• [Directions for this task]
For this exercise, restate every line below word for word and drop the images.

• [Source material]
+-------+

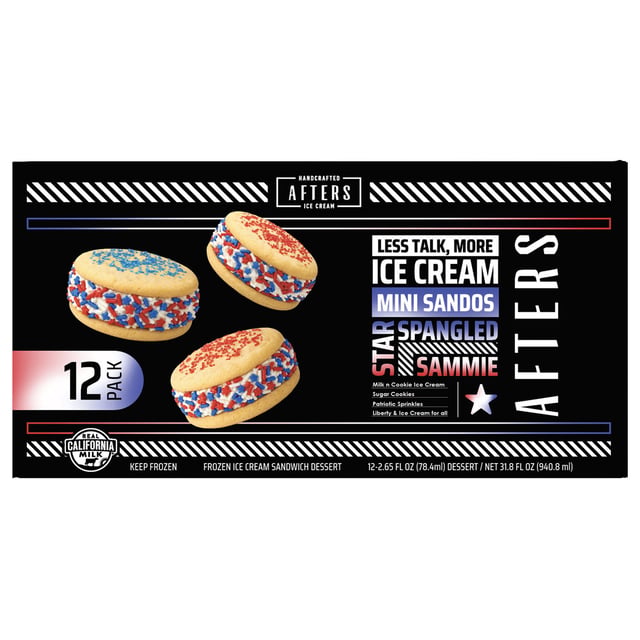 Afters Ice Cream Star Spangled Sammie Mini Ice Cream Sandwiches, 12 CT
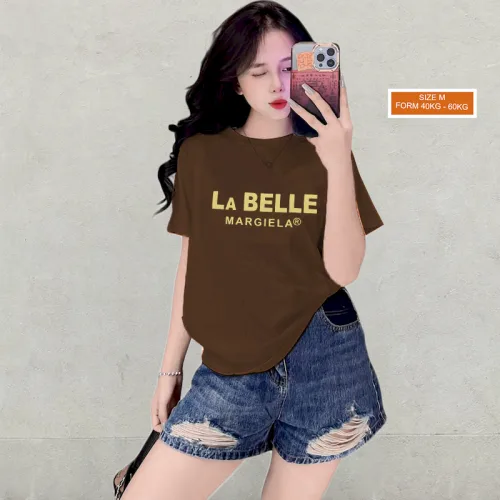 Áo Thun Nữ Cổ Tròn Form Vừa In Chữ LA Belle Size M(40-60kg)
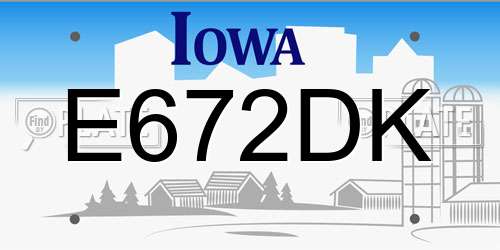 E672DK Iowa License Plate
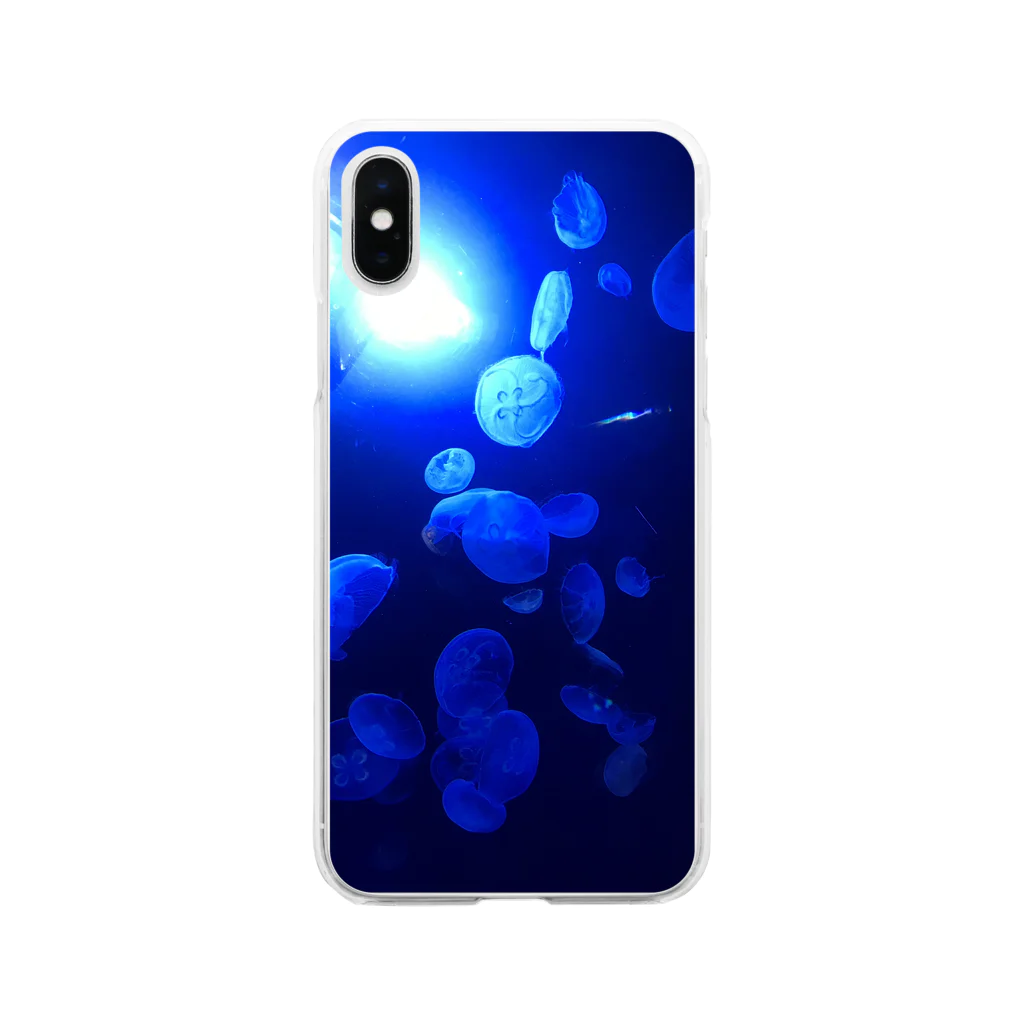 rinaOoの幻想的 クラゲ 青 Soft Clear Smartphone Case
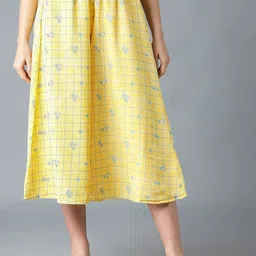 AURELIA Women Yellow Floral Printed Culottes Trousers-image-35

+-------+

• [Completed task]
 Afters Ice Cream Star Spangled Sammie Mini Ice Cream Sandwiches, 12 CT
 Áo Thun Nữ Cổ Tròn Form Vừa In Chữ LA Belle Size M(40-60kg)
 E672DK Iowa License Plate
 rinaOoの幻想的 クラゲ 青 Soft Clear Smartphone Case
 AURELIA Women Yellow Floral Printed Culottes Trousers-image-35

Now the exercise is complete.